Mexican Potatoes with Chile (Print version)

Tender potatoes simmered in a savory jalapeño chile sauce. Hearty Mexican comfort food, vegetarian and gluten-free.

# Ingredient List:

→ Vegetables

01 - 2 pounds russet potatoes, peeled and diced into ½-inch cubes
02 - 1 medium white onion, finely chopped
03 - 2 cloves garlic, minced
04 - 2 medium roma tomatoes, chopped (optional)

→ Chiles and Spices

05 - 2–3 fresh jalapeño or serrano chiles, seeded and chopped
06 - 1 teaspoon ground cumin
07 - 1 teaspoon smoked paprika (optional)
08 - Salt and pepper, to taste

→ Other

09 - 3 tablespoons vegetable oil
10 - ½ cup low-sodium vegetable broth or water
11 - Fresh cilantro, chopped (for garnish)

# How To Make It:

01 - Heat the vegetable oil in a large skillet over medium heat until it shimmers.
02 - Add the chopped onion and sauté for 3–4 minutes, stirring occasionally, until softened and translucent.
03 - Stir in the garlic, chiles, and tomatoes (if using).

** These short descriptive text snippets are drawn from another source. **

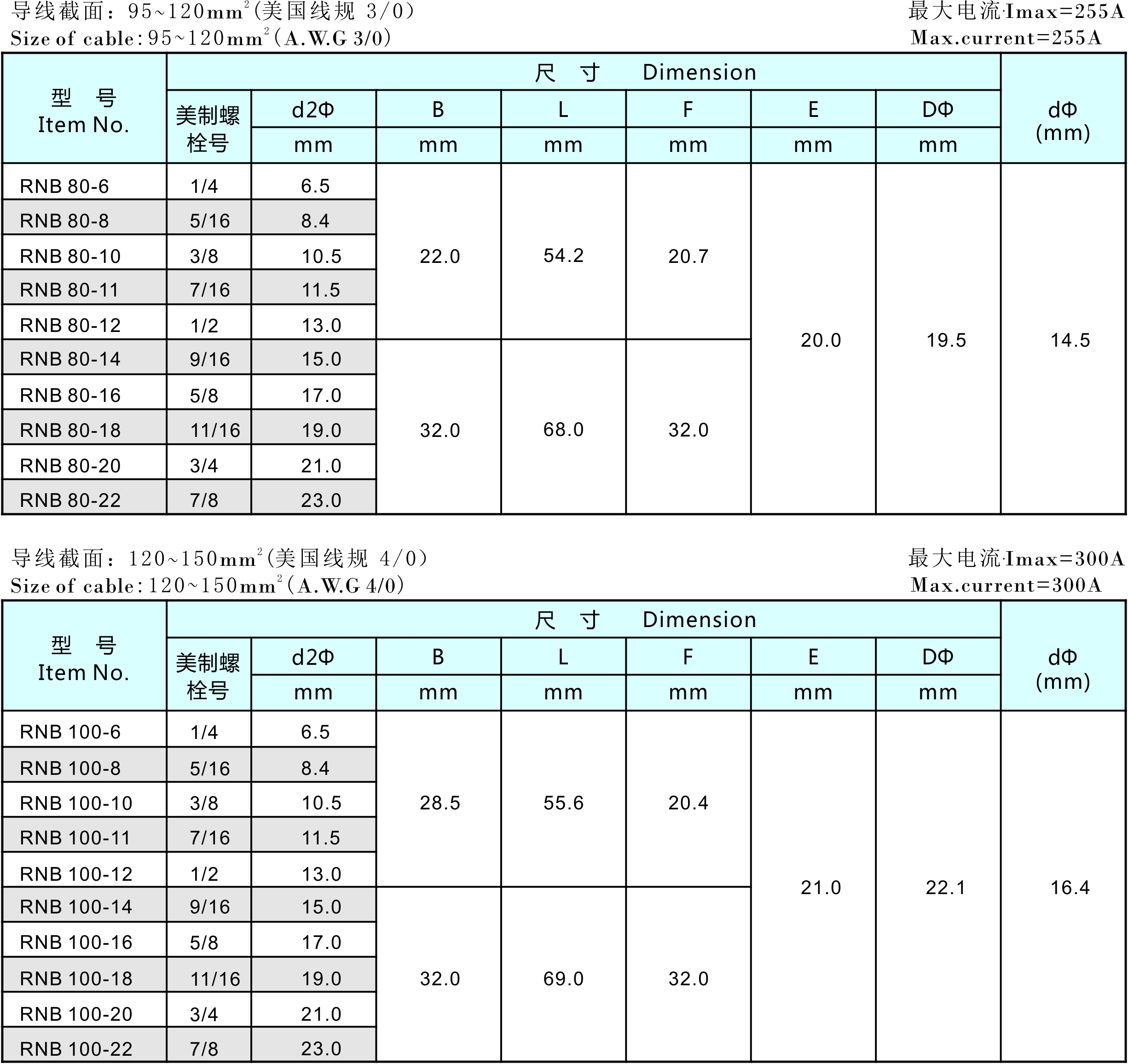 香港六六之家资料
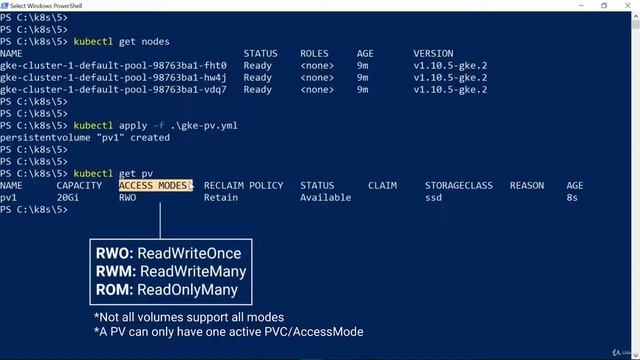4 PV and PVC смотреть онлайн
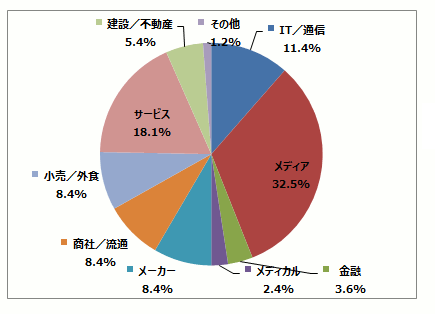 メディア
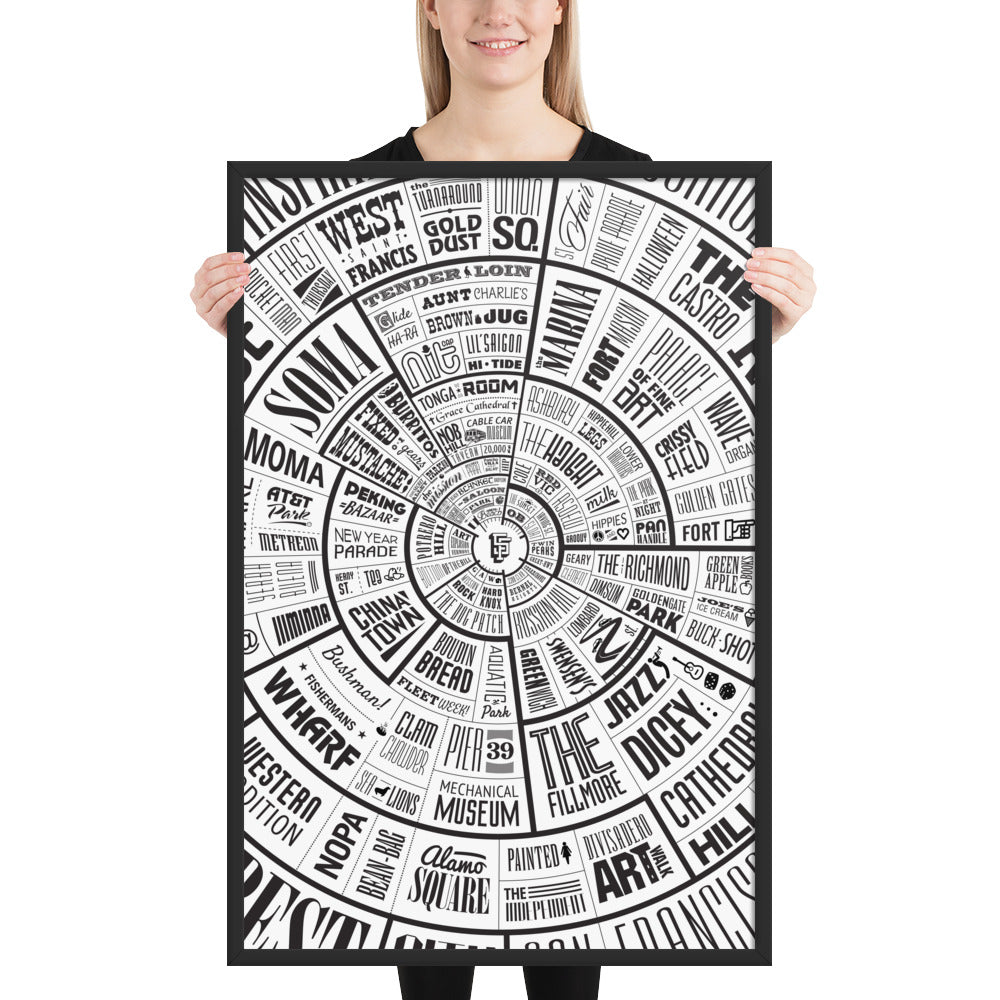 San Francisco Type Wheel Framed poster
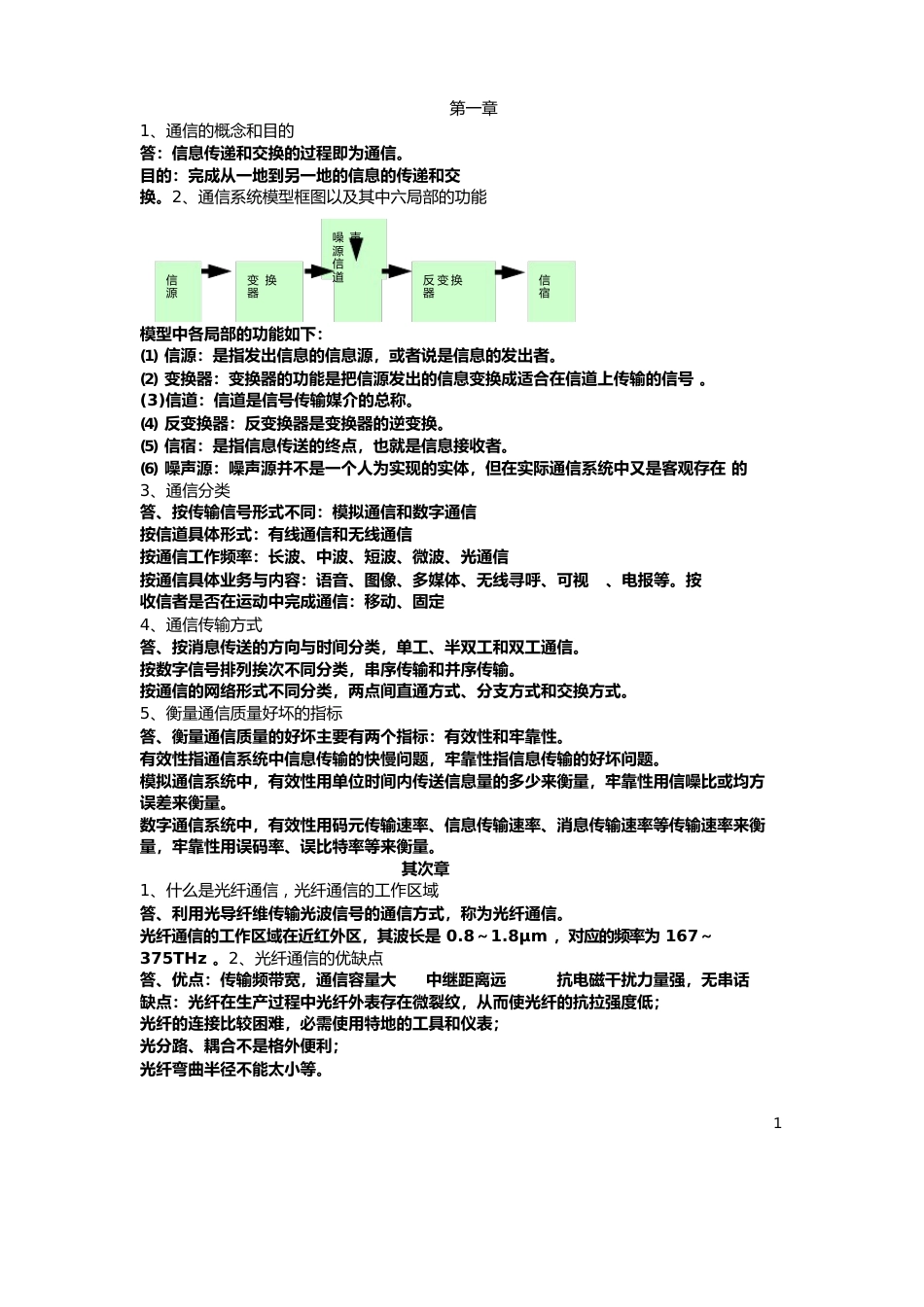 现代通信技术考试知识点_第1页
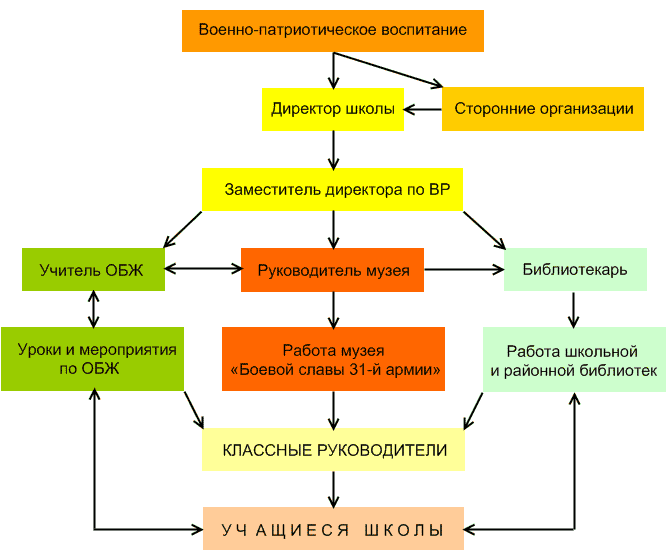 Структура патриотического воспитания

Cook for another 2–3 minutes until fragrant.
04 - Add the diced potatoes, ground cumin, smoked paprika (if using), salt, and pepper. Toss to evenly coat the potatoes in the spice mixture.
05 - Pour in the vegetable broth or water. Cover the skillet with a lid and cook for 20–25 minutes, stirring occasionally, until the potatoes are fork-tender and the liquid is mostly absorbed.
06 - Taste the dish and adjust salt and pepper as needed.
07 - Garnish with freshly chopped cilantro and serve warm as a side dish or main course.

# Expert Advice:

01 -
  • It uses simple pantry staples but delivers a depth of flavor that tastes like it took hours.
  • The potatoes soak up every bit of the chile sauce, creating crispy edges and creamy centers in every bite.
  • It is naturally vegetarian and gluten free, so you can serve it to almost anyone without a second thought.
02 -
  • Do not rush the covered cooking step, because the steam is what transforms hard potatoes into creamy tender pieces without burning the bottom.
  • If your potatoes start sticking before they are done, add another splash of broth or water rather than turning up the heat.
03 -
  • Dry the diced potatoes thoroughly with a clean towel before adding them to the pan because excess moisture is the enemy of a good crust.
  • The dish tastes even better the next day, so make extra and reheat it in a skillet over medium heat to revive the crispy edges.